Data extracts
——————————

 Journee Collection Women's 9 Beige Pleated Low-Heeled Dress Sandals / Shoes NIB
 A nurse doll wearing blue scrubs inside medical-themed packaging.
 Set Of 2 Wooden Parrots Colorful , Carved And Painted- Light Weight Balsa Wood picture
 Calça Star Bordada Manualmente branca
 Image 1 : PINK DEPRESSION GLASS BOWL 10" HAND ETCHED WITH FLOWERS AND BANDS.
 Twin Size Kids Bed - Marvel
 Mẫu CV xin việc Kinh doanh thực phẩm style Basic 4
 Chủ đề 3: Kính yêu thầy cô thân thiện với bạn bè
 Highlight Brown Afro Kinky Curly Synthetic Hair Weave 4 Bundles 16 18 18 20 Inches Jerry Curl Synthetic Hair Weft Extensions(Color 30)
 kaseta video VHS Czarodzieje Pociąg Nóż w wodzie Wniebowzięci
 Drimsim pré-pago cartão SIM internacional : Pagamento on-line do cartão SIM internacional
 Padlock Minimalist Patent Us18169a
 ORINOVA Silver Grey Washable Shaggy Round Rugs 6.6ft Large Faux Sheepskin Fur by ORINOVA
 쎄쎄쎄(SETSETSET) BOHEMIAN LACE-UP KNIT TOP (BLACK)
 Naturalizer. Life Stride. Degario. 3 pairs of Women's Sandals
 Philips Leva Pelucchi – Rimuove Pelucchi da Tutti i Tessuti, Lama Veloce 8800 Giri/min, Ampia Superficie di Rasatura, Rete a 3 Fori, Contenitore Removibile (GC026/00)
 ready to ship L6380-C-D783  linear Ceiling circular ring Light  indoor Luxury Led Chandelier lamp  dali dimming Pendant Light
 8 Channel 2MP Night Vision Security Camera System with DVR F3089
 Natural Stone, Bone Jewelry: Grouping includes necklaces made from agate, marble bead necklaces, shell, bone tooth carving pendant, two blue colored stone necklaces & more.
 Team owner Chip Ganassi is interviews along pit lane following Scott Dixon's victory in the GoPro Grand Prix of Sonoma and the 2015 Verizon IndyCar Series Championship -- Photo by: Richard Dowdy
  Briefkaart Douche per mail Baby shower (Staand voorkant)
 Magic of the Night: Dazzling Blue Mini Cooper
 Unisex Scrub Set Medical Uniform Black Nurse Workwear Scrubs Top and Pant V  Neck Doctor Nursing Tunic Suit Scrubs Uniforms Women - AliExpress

——————————

Directions for this task
Transcribe the entries exactly.

Expected answer
 Journee Collection Women's 9 Beige Pleated Low-Heeled Dress Sandals / Shoes NIB
 A nurse doll wearing blue scrubs inside medical-themed packaging.
 Set Of 2 Wooden Parrots Colorful , Carved And Painted- Light Weight Balsa Wood picture
 Calça Star Bordada Manualmente branca
 Image 1 : PINK DEPRESSION GLASS BOWL 10" HAND ETCHED WITH FLOWERS AND BANDS.
 Twin Size Kids Bed - Marvel
 Mẫu CV xin việc Kinh doanh thực phẩm style Basic 4
 Chủ đề 3: Kính yêu thầy cô thân thiện với bạn bè
 Highlight Brown Afro Kinky Curly Synthetic Hair Weave 4 Bundles 16 18 18 20 Inches Jerry Curl Synthetic Hair Weft Extensions(Color 30)
 kaseta video VHS Czarodzieje Pociąg Nóż w wodzie Wniebowzięci
 Drimsim pré-pago cartão SIM internacional : Pagamento on-line do cartão SIM internacional
 Padlock Minimalist Patent Us18169a
 ORINOVA Silver Grey Washable Shaggy Round Rugs 6.6ft Large Faux Sheepskin Fur by ORINOVA
 쎄쎄쎄(SETSETSET) BOHEMIAN LACE-UP KNIT TOP (BLACK)
 Naturalizer. Life Stride. Degario. 3 pairs of Women's Sandals
 Philips Leva Pelucchi – Rimuove Pelucchi da Tutti i Tessuti, Lama Veloce 8800 Giri/min, Ampia Superficie di Rasatura, Rete a 3 Fori, Contenitore Removibile (GC026/00)
 ready to ship L6380-C-D783  linear Ceiling circular ring Light  indoor Luxury Led Chandelier lamp  dali dimming Pendant Light
 8 Channel 2MP Night Vision Security Camera System with DVR F3089
 Natural Stone, Bone Jewelry: Grouping includes necklaces made from agate, marble bead necklaces, shell, bone tooth carving pendant, two blue colored stone necklaces & more.
 Team owner Chip Ganassi is interviews along pit lane following Scott Dixon's victory in the GoPro Grand Prix of Sonoma and the 2015 Verizon IndyCar Series Championship -- Photo by: Richard Dowdy
  Briefkaart Douche per mail Baby shower (Staand voorkant)
 Magic of the Night: Dazzling Blue Mini Cooper
 Unisex Scrub Set Medical Uniform Black Nurse Workwear Scrubs Top and Pant V  Neck Doctor Nursing Tunic Suit Scrubs Uniforms Women - AliExpress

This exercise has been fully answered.